You can run resticprofile inside a docker container. It is probably the easiest way to install resticprofile (and restic at the same time) and keep it updated.

But be aware that you will need to mount your backup source (and destination if it’s local) as a docker volume. Depending on your operating system, the backup might be slower. Volumes mounted on a mac OS host are well known for being quite slow.

By default, the resticprofile container starts at /resticprofile. So you can feed a configuration this way:

docker run -it --rm -v $PWD/examples:/resticprofile creativeprojects/resticprofile

You can list your profiles:

docker run -it --rm -v $PWD/examples:/resticprofile creativeprojects/resticprofile profiles

Container host name

Each time a container is started, it gets assigned a new random name.

You might want to force a hostname when starting your container via docker run (flags -h or --hostname):

docker run -it --rm -v $PWD:/resticprofile -h my-hostname creativeprojects/resticprofile -n profile backup


Starting from version 0.18.0, the resticprofile docker image is available in these 2 platforms:

  • linux/amd64
  • linux/arm64/v8 (compatible with raspberry pi 64bits)

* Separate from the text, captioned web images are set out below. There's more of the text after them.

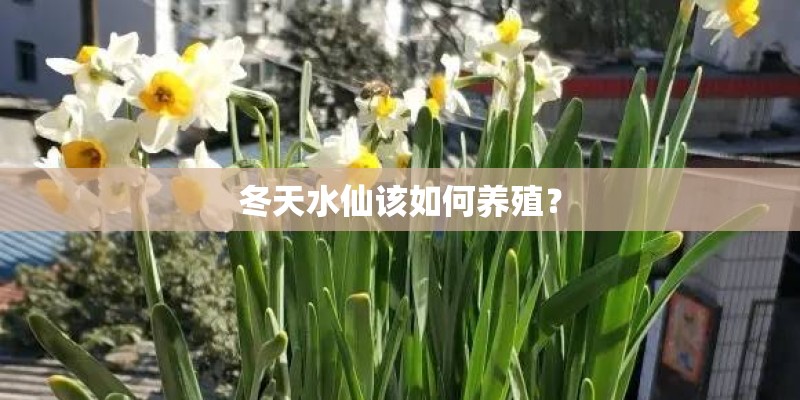 冬天水仙该如何养殖？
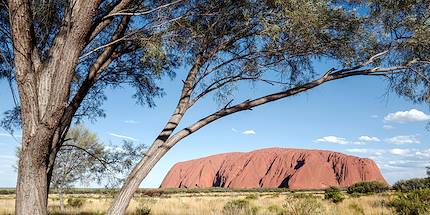 Uluru - Ayers Rock - Australie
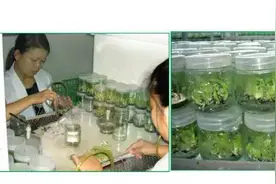 香蕉“宝宝”是这样长大的（全图展示）图片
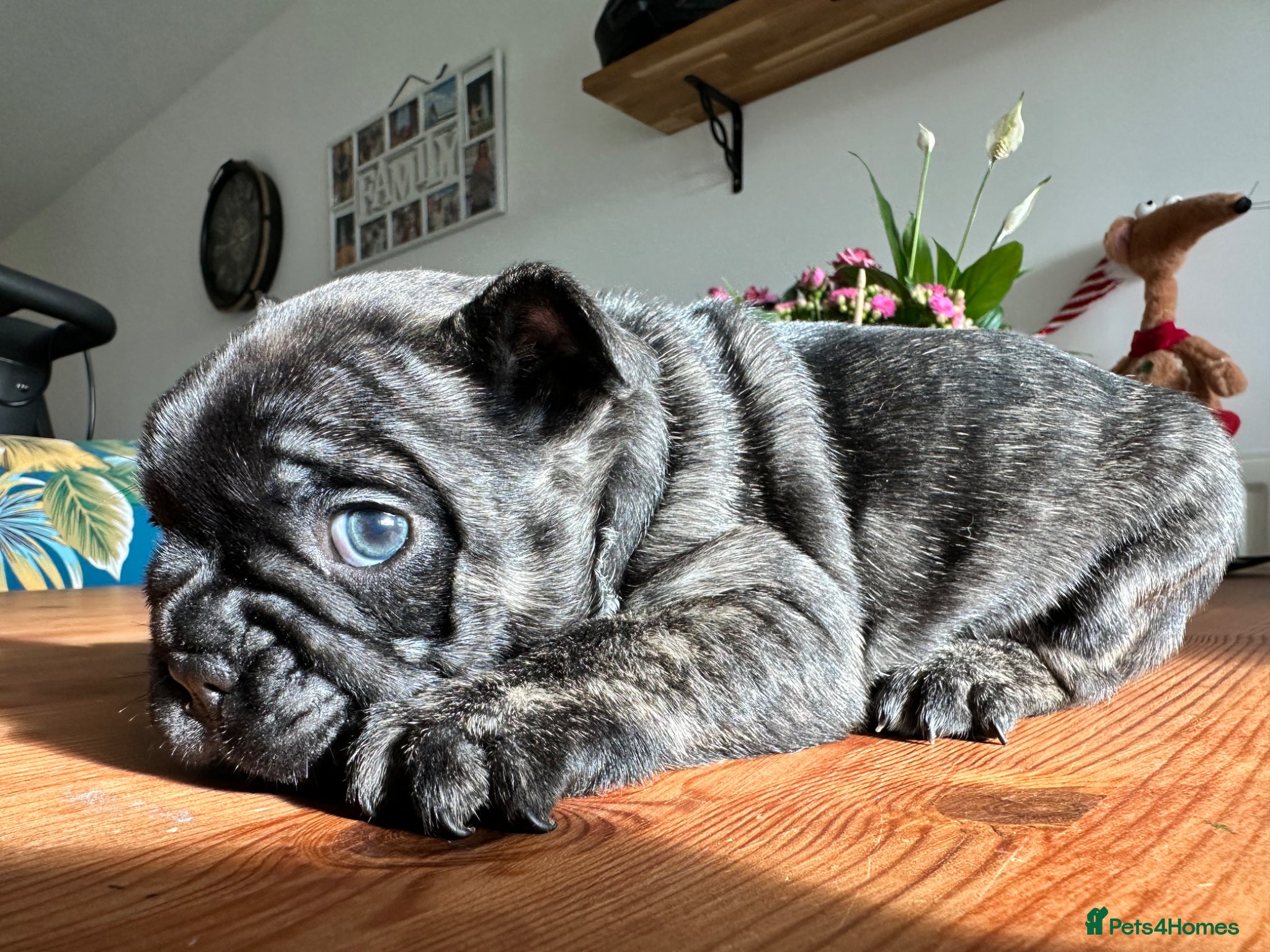 French Bulldog dogs 2 Boys Left KC Registered French Bulldog Puppies - Advert 1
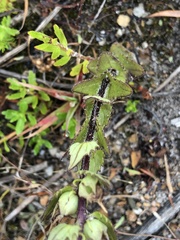 Alectra sessiliflora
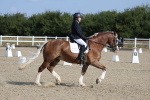 SBM_020243
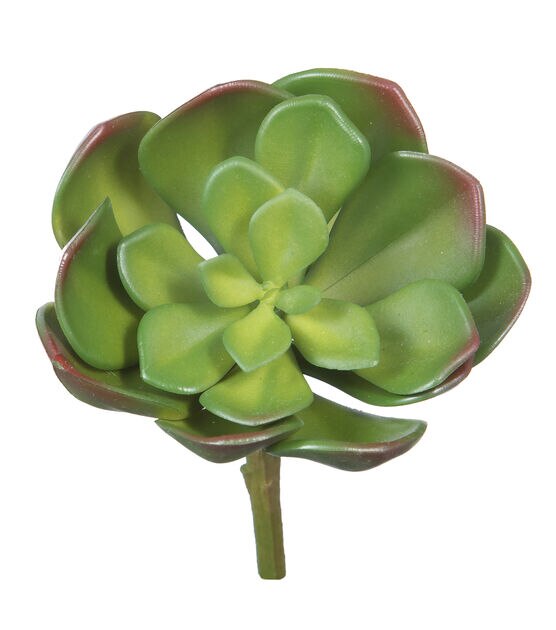 6" Green Echeveria Succulent Pick by Bloom Room, , hi-res, image 2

Starting from version 0.18.0, the resticprofile docker image also includes rclone.

Release cycle on docker hub

The docker image is uploaded automatically on docker hub when a new release is published on github. Also, the latest tag is updated to the latest release.

Every week, the latest image is rebuilt to include the latest updates from restic, rclone and the base image (alpine).

Another image is also updated after every commit on the main branch. It’s tagged with nightly. Please be aware that this image might be unstable and should not be used in production.

Scheduling with docker compose

There’s an example in the contribution section how to schedule backups in a long running container. The configuration needs to specify crond as a scheduler.